Dans sa vidéo de la matinée, le journaliste avait déjà pointé du doigt la même partie. « Les choses commencent à s’éclaircir, c’est le ministère de la Communication qui est derrière ces entraves, y compris ma convocation aujourd’hui », avait-il accusé.
Pour Me Smaïl, Ihsane El Kadi « a le droit de déposer plainte contre ceux qui l’ont convoqué pour son travail de journaliste, y compris contre le ministre de la Communication », car, poursuit-elle, « la Constitution a consacré la liberté de la presse et décriminalisé le délit de presse (…) Même le procureur a refusé de l’entendre parce que c’est un délit de presse, or, il n’y a pas de délit de presse dans la loi ».
« Une époque qu’on croyait révolue »
L’avocate n’en revient pas. « C’est une dérive de trop, un dérapage plus dangereux que les précédents (…) On ne peut pas convoquer un journaliste à Bab J’did pour l’interroger sur son travail, le présenter devant un procureur pour qu’il lui dise, il n’y a aucune procédure. C’est quoi ça ? Ça ne s’est passé nulle part. Où est la loi, la procédure, les droits de l’Homme, la dignité humaine ? C’est trop, c’est un abus de trop devant lequel nous n’allons pas nous taire », dénonce-t-elle, avant de fustiger « le comportement d’une personne qui utilise son poste au sein de l’État, au sein du gouvernement pour étouffer la presse libre ».

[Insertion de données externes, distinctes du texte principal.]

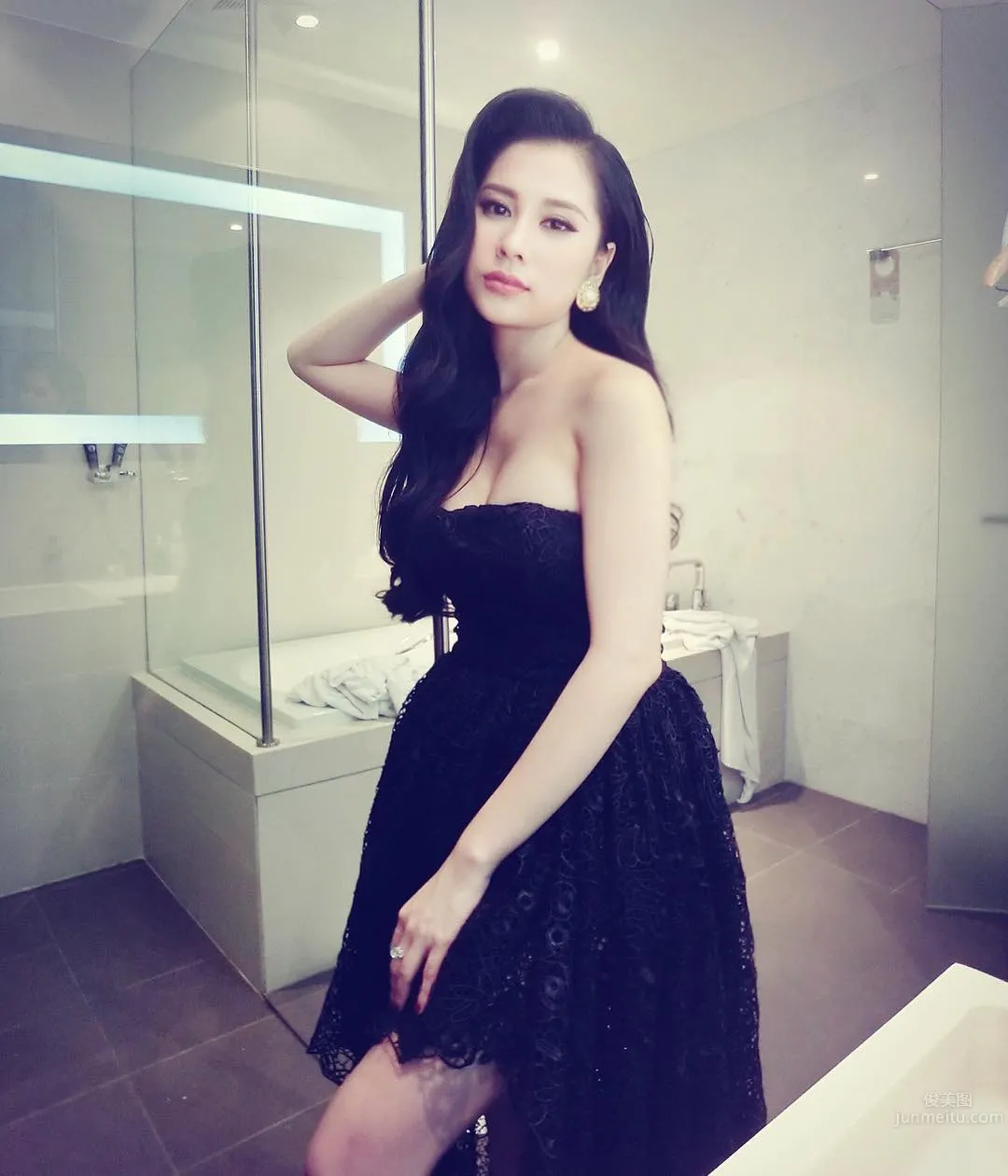 HELENTR, The Fair Beauty Who Loves Vietnam More and More photo 13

Pour elle, l’objectif derrière tout cela est de « museler toutes les voix libres ». « Nous n’avons pas de presse libre, nous avons quelques journalistes qui essaient de faire leur travail dans des conditions de guerre psychologique contre les hommes libres », souligne-t-elle.
« Ce sont les pratiques des forces extraconstitutionnelles »
Me Zahi Saïd abonde dans le même sens et dénonce un « retour à une époque qu’on croyait révolue ». « Ce sont les pratiques des forces extraconstitutionnelles, nous ne savons pas qui est derrière ces actes. 20 millions d’Algériens sont sortis dans la rue contre ces pratiques. C’est une manière de faire pression sur les journalistes pour les faire taire », dit-il.
Lui aussi, il rappelle que la nouvelle constitution est claire en matière de garantie de la liberté de la presse. « Il est inacceptable de convoquer un journaliste à Bab J’did, le présenter devant la justice puis lui demander de s’en aller. Ce n’est pas un comportement de représentants de l’État. Celui qui représente l’État doit d’abord respecter sa Constitution. Il faut sanctionner tout responsable qui agit en dehors de la Constitution et de la loi. Personne ne représente l’État en dehors de la loi », tonne l’avocat.